On a lighter note, Monday we had our 4 week check up--@ exactly 16 weeks. Quick visit: pee in a cup, weight, BP & then the hand held Doppler. At the last appt. they couldn't hear the heart beat with it, but this time it came over like it was on a loud speaker, like a strong galloping horse-- 160+ bpm. I could have listened to that all day.

Back to my rant, so lately I've been up & down & ALL over the place with my thoughts: what to do about work, money, Eli potentially finding/getting a job. I labor over these thoughts A LOT. I don't talk much about them, because I feel I'm trying to figure it all out.
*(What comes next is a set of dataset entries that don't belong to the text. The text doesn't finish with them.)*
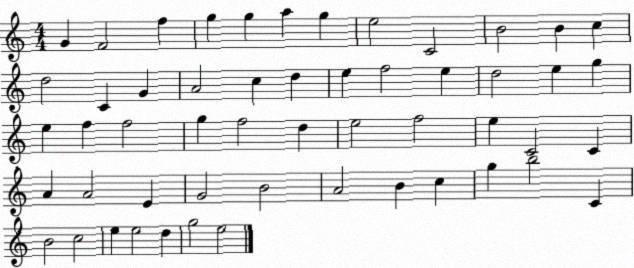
X:1
T:Untitled
M:4/4
L:1/4
K:C
G F2 f g g a g e2 C2 B2 B c d2 C G A2 c d e f2 e d2 e g e f f2 g f2 d e2 f2 e C2 C A A2 E G2 B2 A2 B c g b2 C B2 c2 e e2 d g2 e2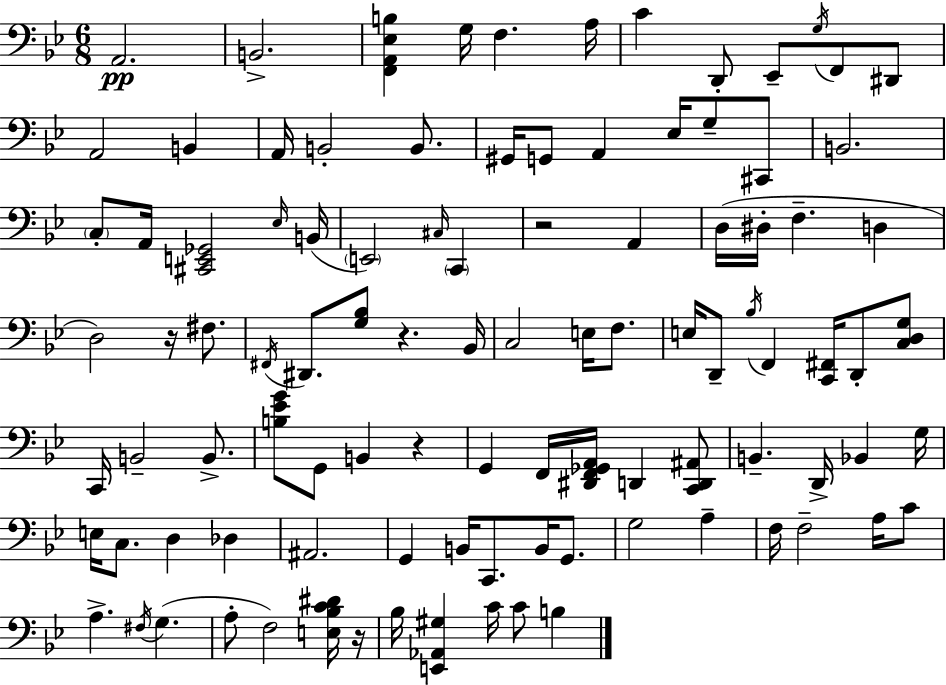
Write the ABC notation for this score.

X:1
T:Untitled
M:6/8
L:1/4
K:Gm
A,,2 B,,2 [F,,A,,_E,B,] G,/4 F, A,/4 C D,,/2 _E,,/2 G,/4 F,,/2 ^D,,/2 A,,2 B,, A,,/4 B,,2 B,,/2 ^G,,/4 G,,/2 A,, _E,/4 G,/2 ^C,,/2 B,,2 C,/2 A,,/4 [^C,,E,,_G,,]2 _E,/4 B,,/4 E,,2 ^C,/4 C,, z2 A,, D,/4 ^D,/4 F, D, D,2 z/4 ^F,/2 ^F,,/4 ^D,,/2 [G,_B,]/2 z _B,,/4 C,2 E,/4 F,/2 E,/4 D,,/2 _B,/4 F,, [C,,^F,,]/4 D,,/2 [C,D,G,]/2 C,,/4 B,,2 B,,/2 [B,_EG]/2 G,,/2 B,, z G,, F,,/4 [^D,,F,,_G,,A,,]/4 D,, [C,,D,,^A,,]/2 B,, D,,/4 _B,, G,/4 E,/4 C,/2 D, _D, ^A,,2 G,, B,,/4 C,,/2 B,,/4 G,,/2 G,2 A, F,/4 F,2 A,/4 C/2 A, ^F,/4 G, A,/2 F,2 [E,_B,C^D]/4 z/4 _B,/4 [E,,_A,,^G,] C/4 C/2 B,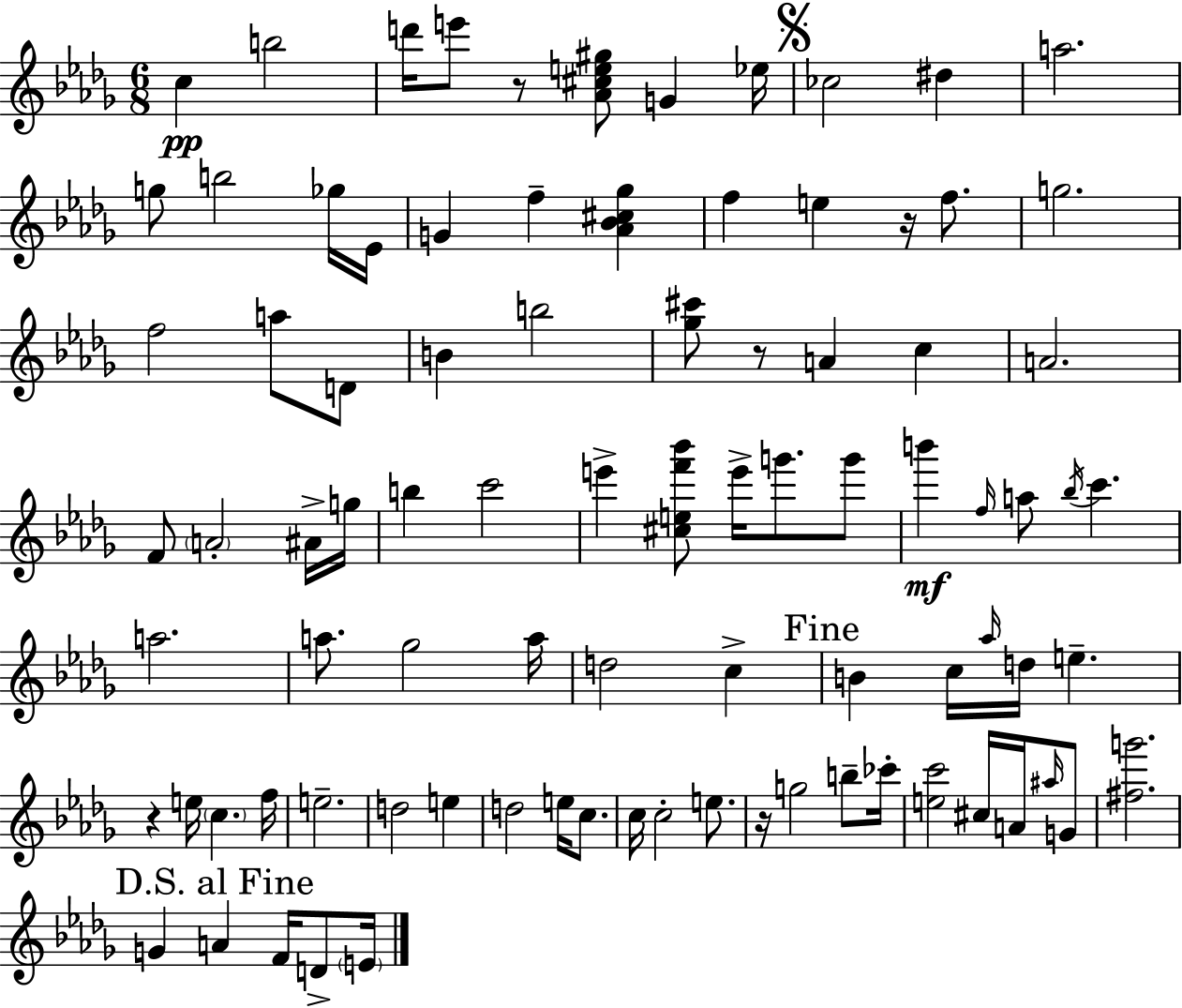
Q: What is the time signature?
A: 6/8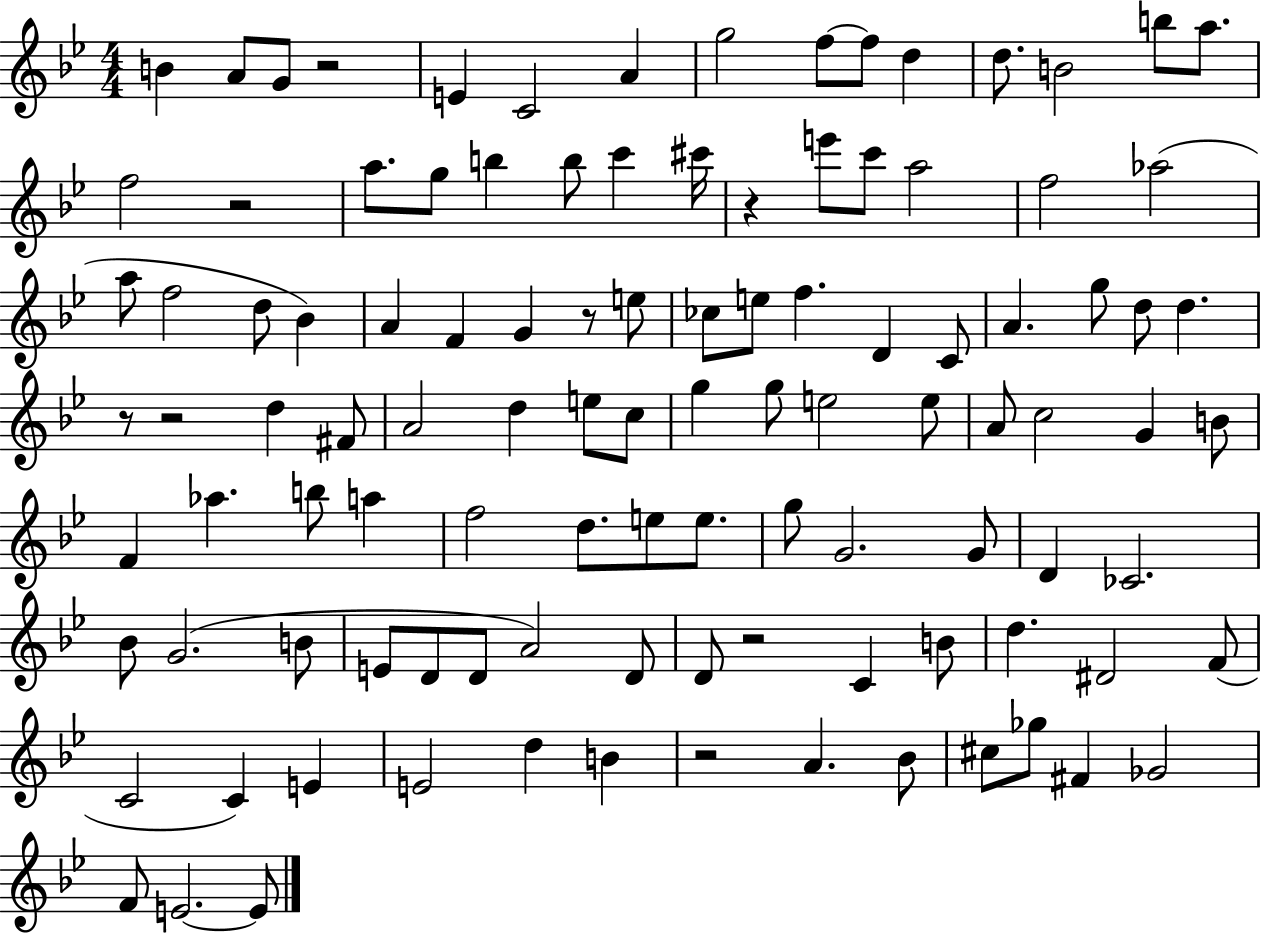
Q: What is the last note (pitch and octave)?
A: E4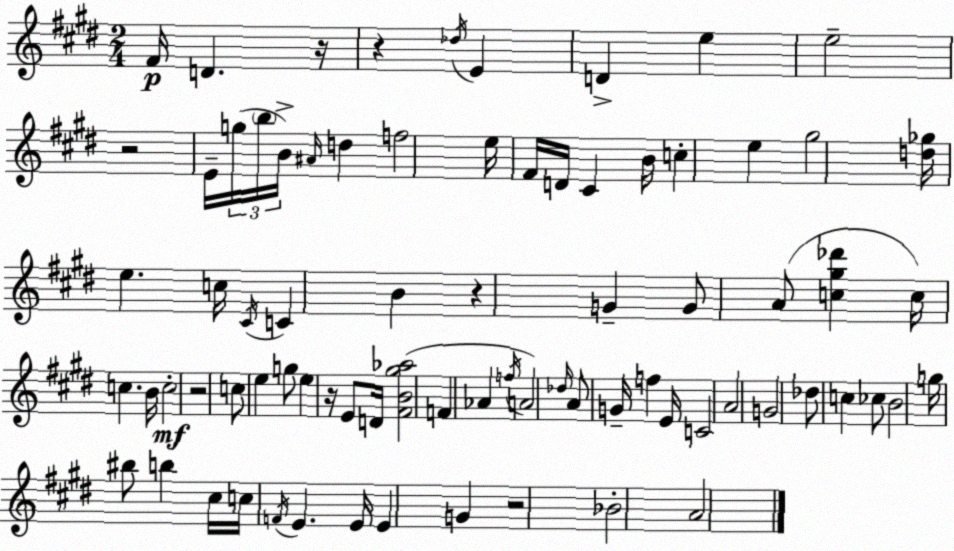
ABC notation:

X:1
T:Untitled
M:2/4
L:1/4
K:E
^F/4 D z/4 z _d/4 E D e e2 z2 E/4 g/4 b/4 B/4 ^A/4 d f2 e/4 ^F/4 D/4 ^C B/4 c e ^g2 [d_g]/4 e c/4 ^C/4 C B z G G/2 A/2 [c^g_d'] c/4 c B/4 c2 z2 c/2 e g/2 e z/4 E/2 D/4 [^FB^g_a]2 F _A f/4 A2 _d/4 A/2 G/4 f E/4 C2 A2 G2 _d/2 c _c/2 B2 g/4 ^b/2 b ^c/4 c/4 F/4 E E/4 E G z2 _B2 A2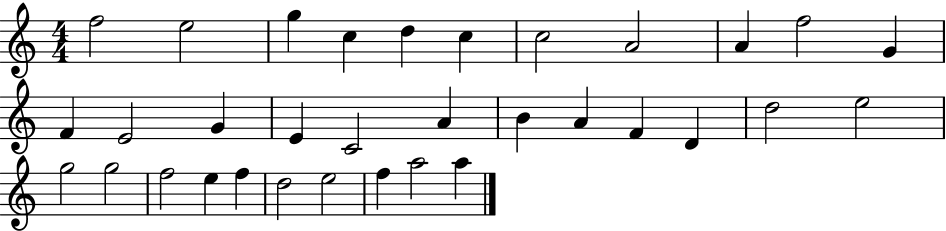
X:1
T:Untitled
M:4/4
L:1/4
K:C
f2 e2 g c d c c2 A2 A f2 G F E2 G E C2 A B A F D d2 e2 g2 g2 f2 e f d2 e2 f a2 a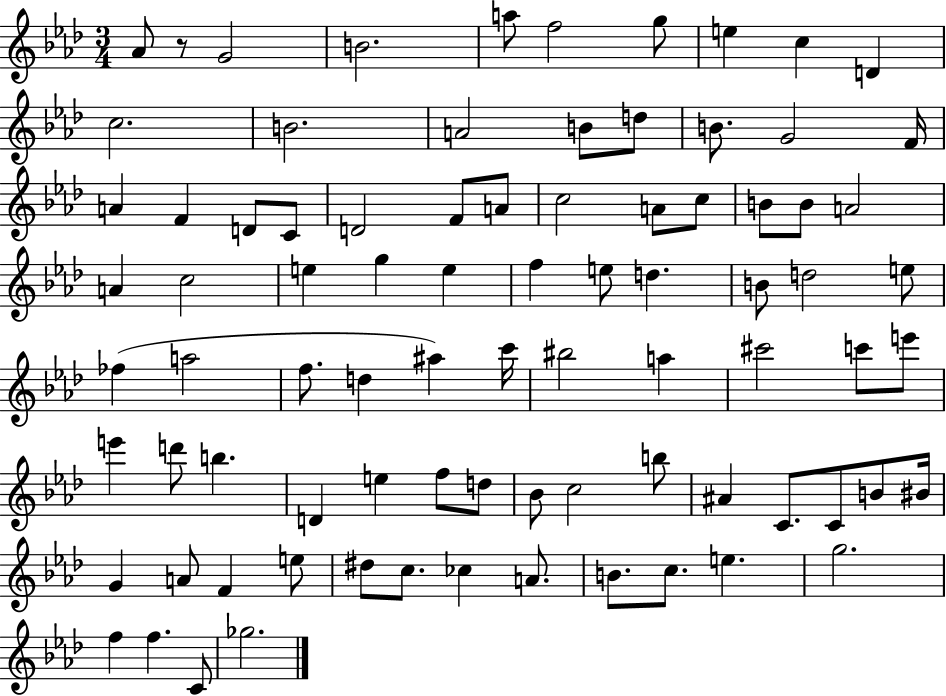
{
  \clef treble
  \numericTimeSignature
  \time 3/4
  \key aes \major
  \repeat volta 2 { aes'8 r8 g'2 | b'2. | a''8 f''2 g''8 | e''4 c''4 d'4 | \break c''2. | b'2. | a'2 b'8 d''8 | b'8. g'2 f'16 | \break a'4 f'4 d'8 c'8 | d'2 f'8 a'8 | c''2 a'8 c''8 | b'8 b'8 a'2 | \break a'4 c''2 | e''4 g''4 e''4 | f''4 e''8 d''4. | b'8 d''2 e''8 | \break fes''4( a''2 | f''8. d''4 ais''4) c'''16 | bis''2 a''4 | cis'''2 c'''8 e'''8 | \break e'''4 d'''8 b''4. | d'4 e''4 f''8 d''8 | bes'8 c''2 b''8 | ais'4 c'8. c'8 b'8 bis'16 | \break g'4 a'8 f'4 e''8 | dis''8 c''8. ces''4 a'8. | b'8. c''8. e''4. | g''2. | \break f''4 f''4. c'8 | ges''2. | } \bar "|."
}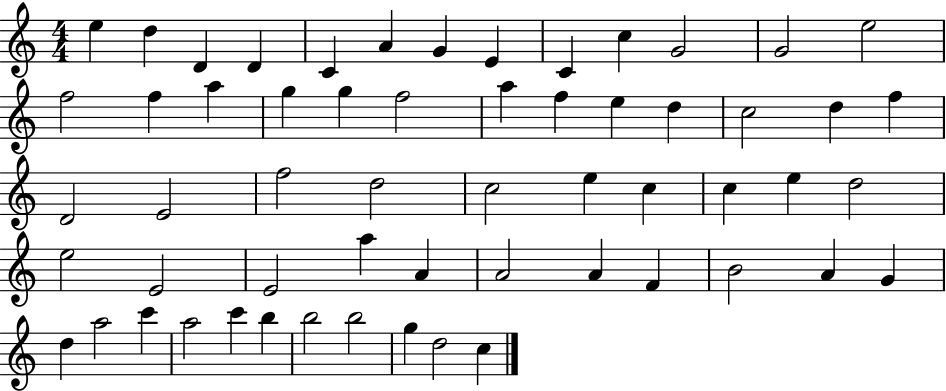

But do I really have to figure it all out. I don't know....this is where my brain is right now.
I think its time to stretch my legs & go for a walk...that seems to help.

Hopefully we'll get some photos up, or taken soon. :)

Sunday, January 4, 2009

14 weeks (Dec. 29th)




So I'm a little late in posting, week 14 commencing last Monday, Dec. 29th. But hey cut me some slack I worked 5 of 6 straight last week, I got a little tired.
More pics to come as we enter week 15 tomorrow.
Week 14 was good, yes I think I am definitely showing. Tired & hungry is the common theme. No appts. last week or this week.